* [How to complete this task]: No pictures go in the copy. Restate, word for word, each line from the one containing "Yankee Candle Dancing" through the last line below.

* [Source material]:
————

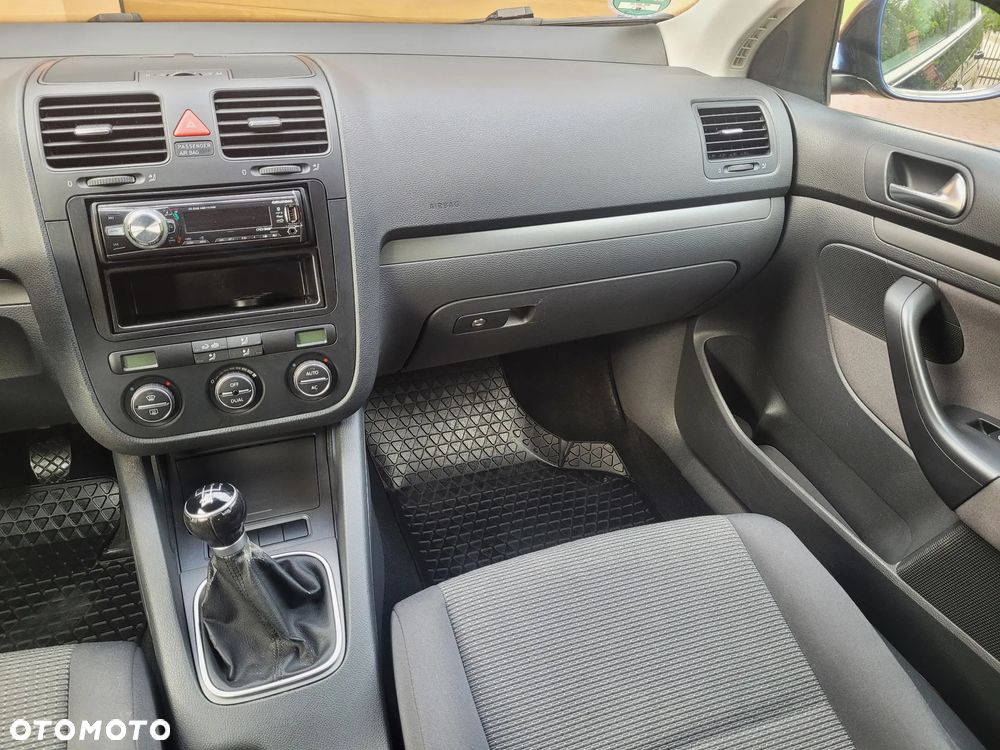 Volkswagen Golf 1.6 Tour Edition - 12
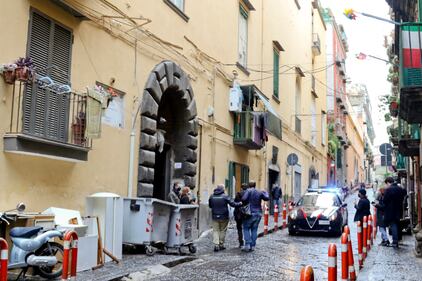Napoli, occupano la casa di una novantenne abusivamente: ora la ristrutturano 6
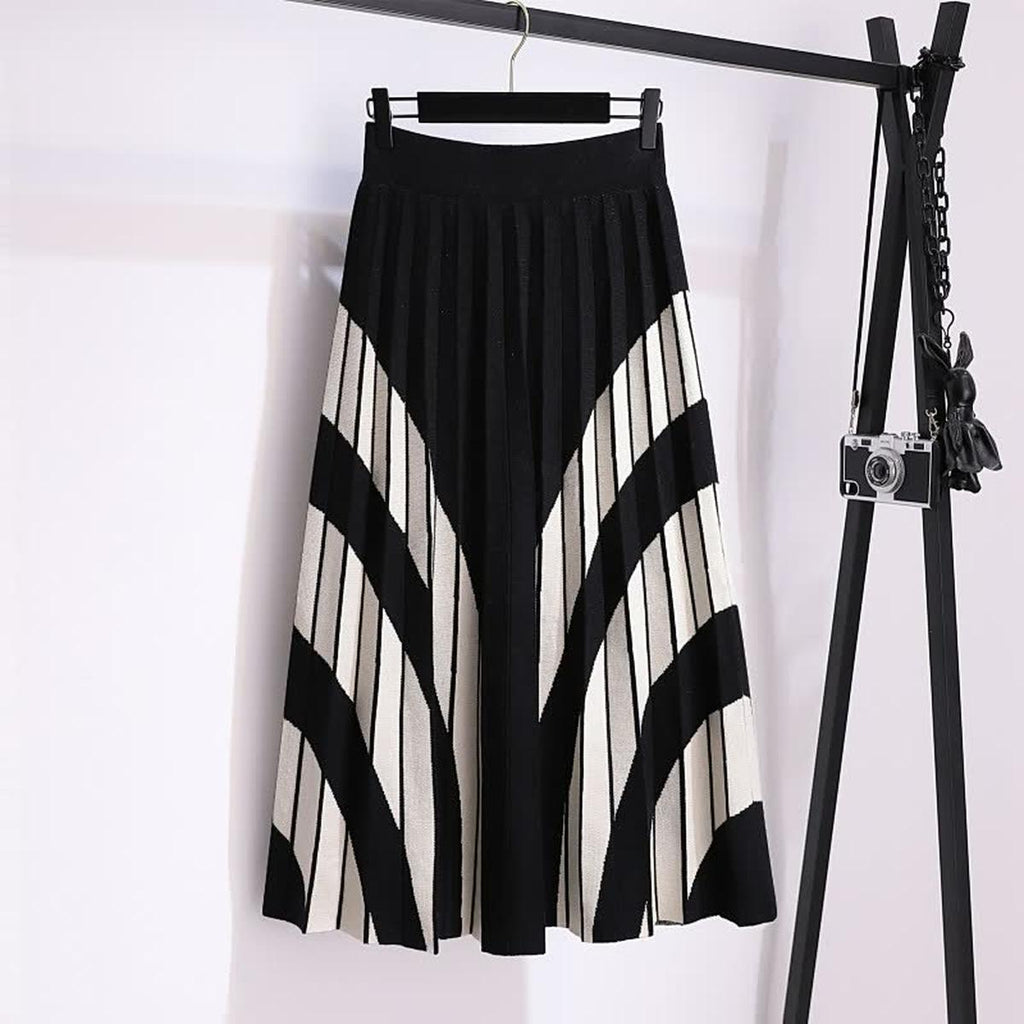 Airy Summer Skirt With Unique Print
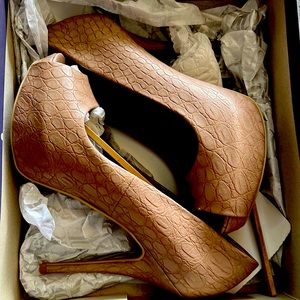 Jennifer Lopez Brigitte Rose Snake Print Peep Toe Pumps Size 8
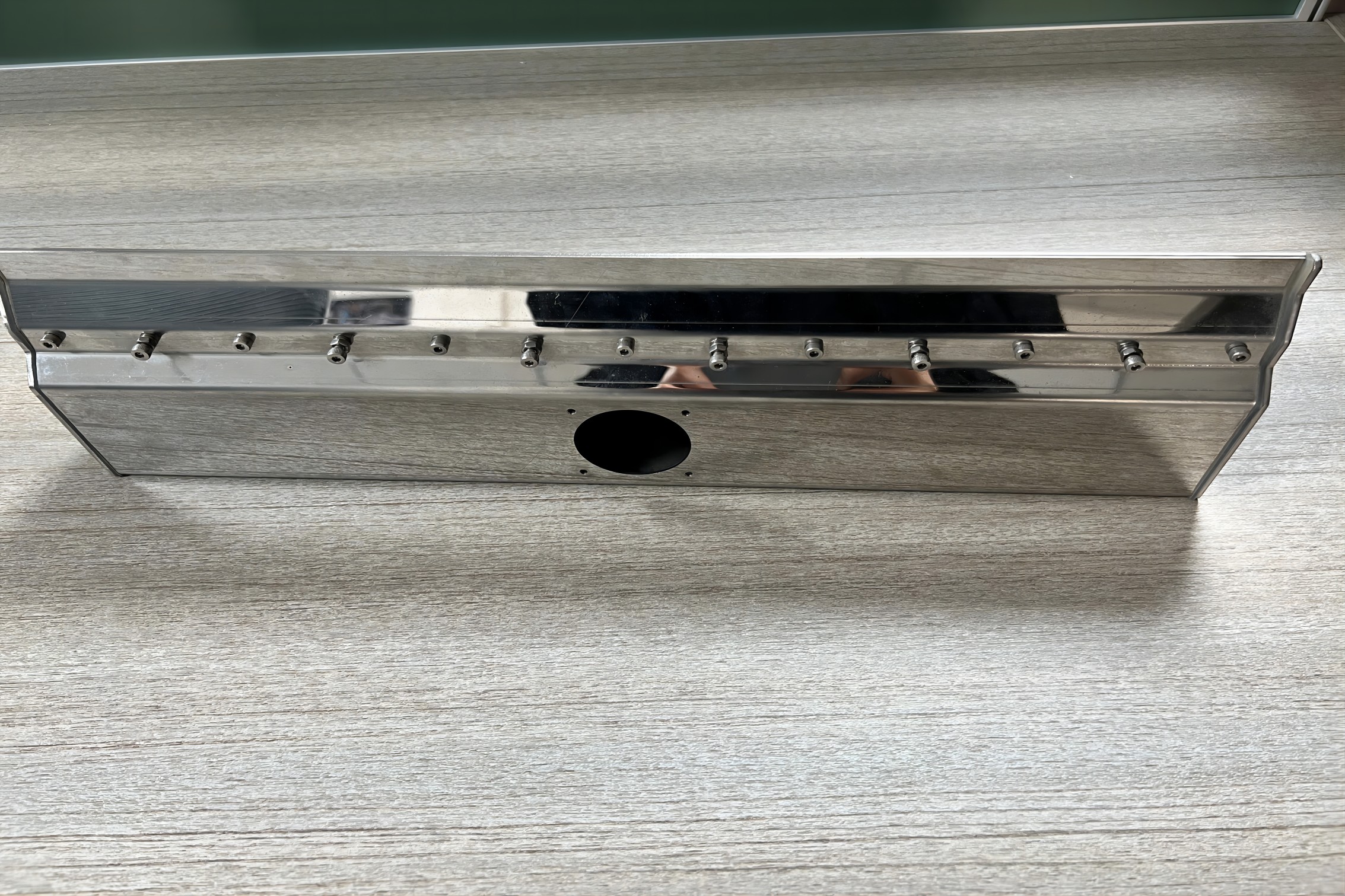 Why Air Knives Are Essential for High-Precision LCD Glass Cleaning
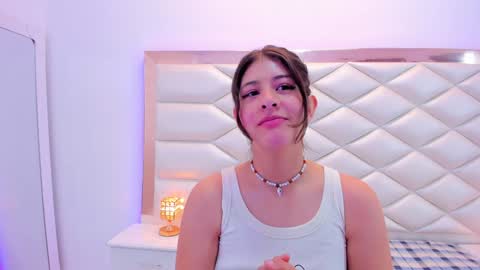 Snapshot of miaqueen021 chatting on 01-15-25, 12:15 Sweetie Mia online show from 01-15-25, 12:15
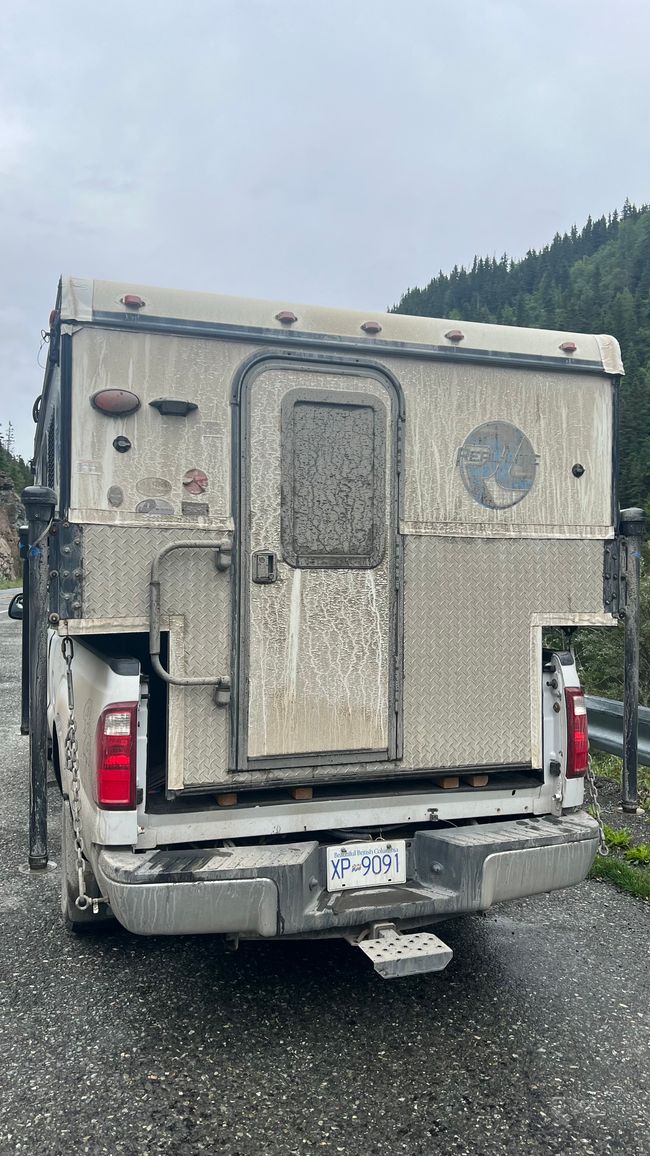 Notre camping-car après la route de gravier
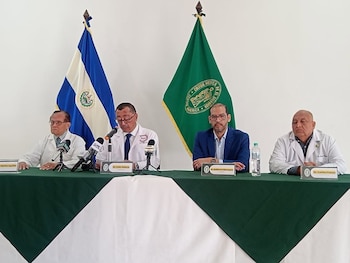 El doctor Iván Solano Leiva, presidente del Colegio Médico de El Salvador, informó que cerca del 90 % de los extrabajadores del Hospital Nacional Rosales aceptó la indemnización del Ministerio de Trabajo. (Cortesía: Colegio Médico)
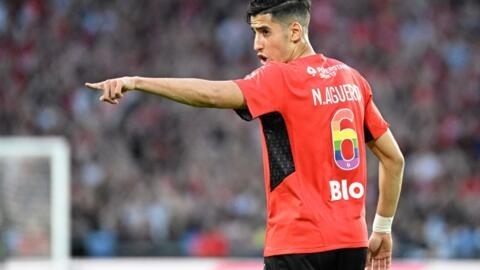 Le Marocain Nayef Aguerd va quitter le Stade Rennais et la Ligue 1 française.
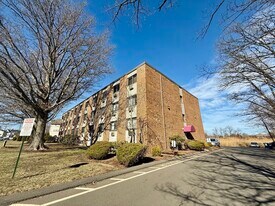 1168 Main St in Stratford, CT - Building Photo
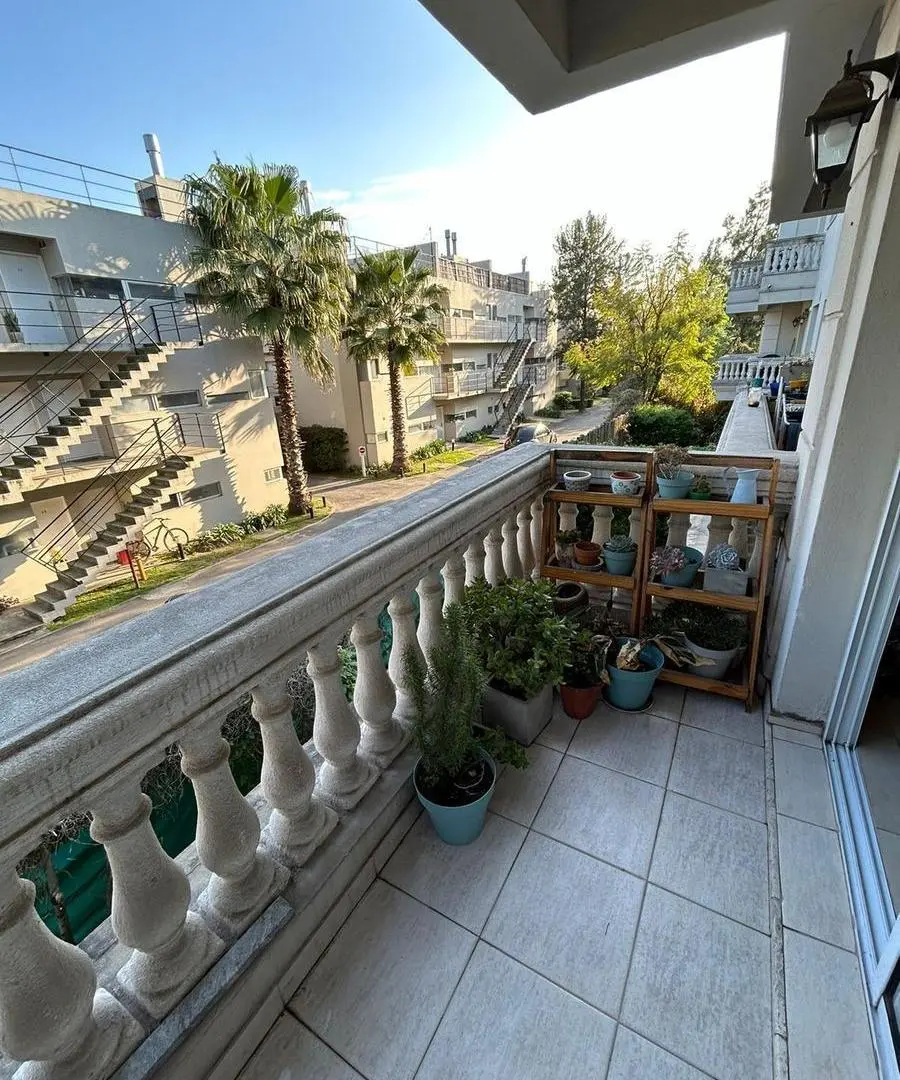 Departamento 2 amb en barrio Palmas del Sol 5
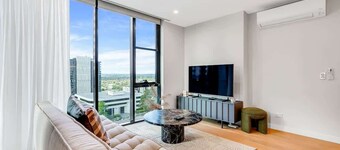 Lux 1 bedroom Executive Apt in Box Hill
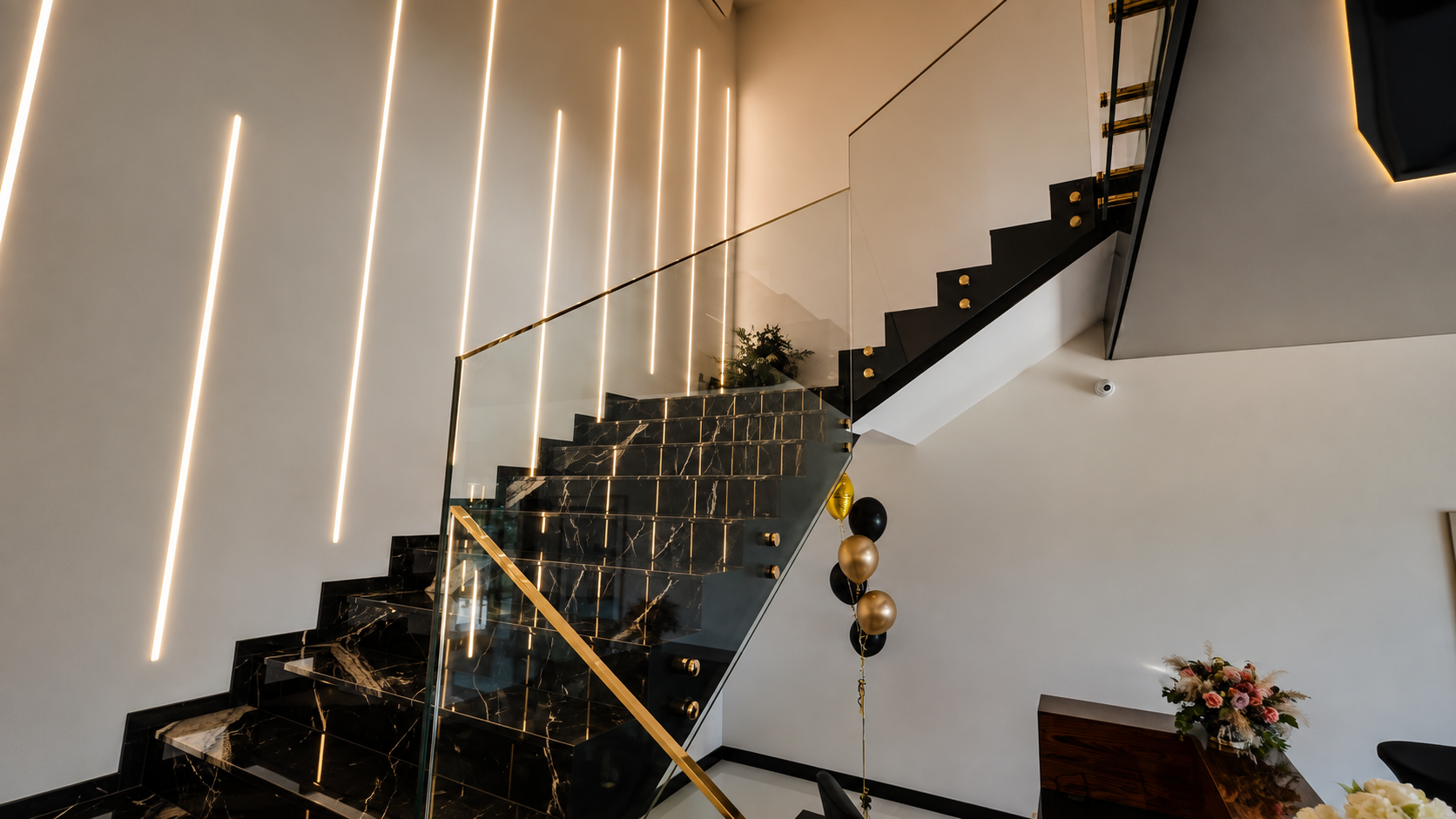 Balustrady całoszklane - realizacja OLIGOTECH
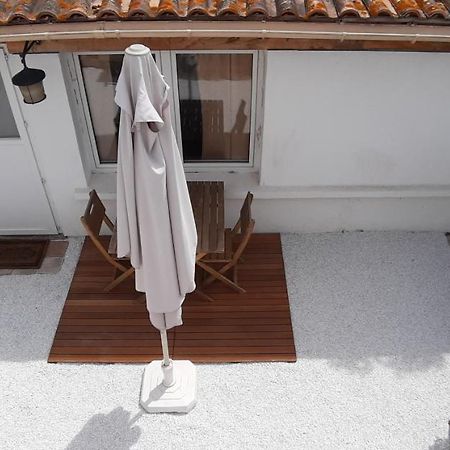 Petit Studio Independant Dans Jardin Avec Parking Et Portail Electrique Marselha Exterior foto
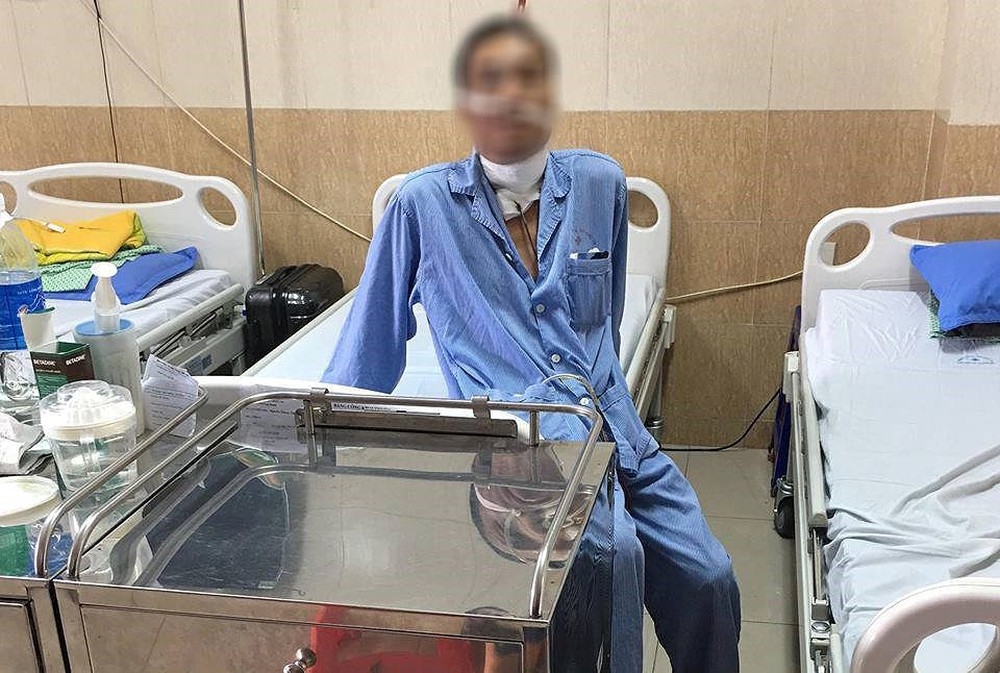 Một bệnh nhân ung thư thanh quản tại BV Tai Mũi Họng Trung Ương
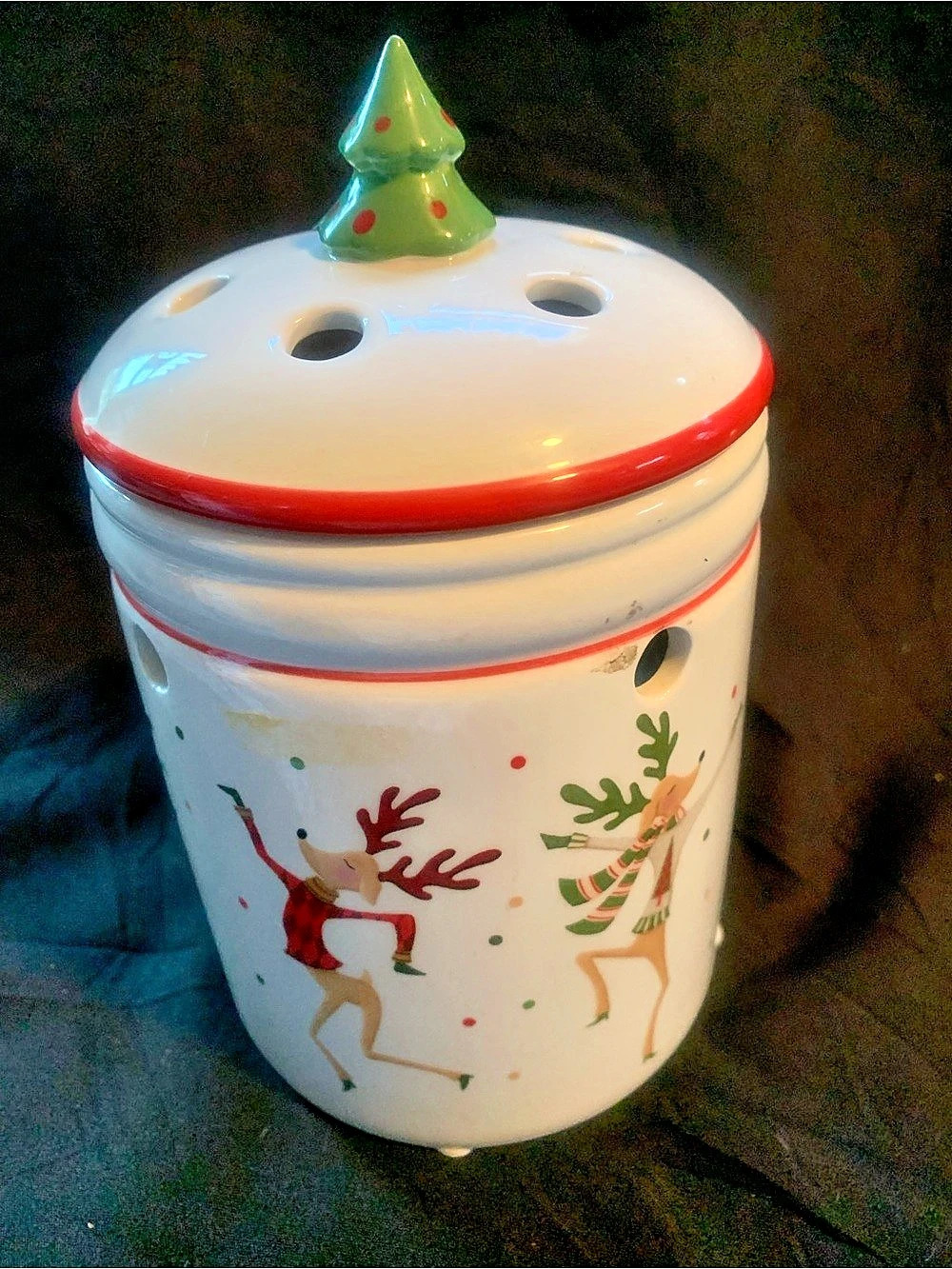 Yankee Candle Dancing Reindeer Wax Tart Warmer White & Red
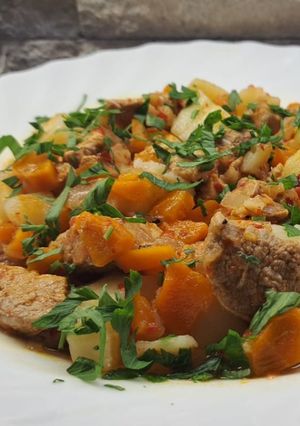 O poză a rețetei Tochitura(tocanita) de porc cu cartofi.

————

* [Output of the exercise]:
 Yankee Candle Dancing Reindeer Wax Tart Warmer White & Red
 O poză a rețetei Tochitura(tocanita) de porc cu cartofi.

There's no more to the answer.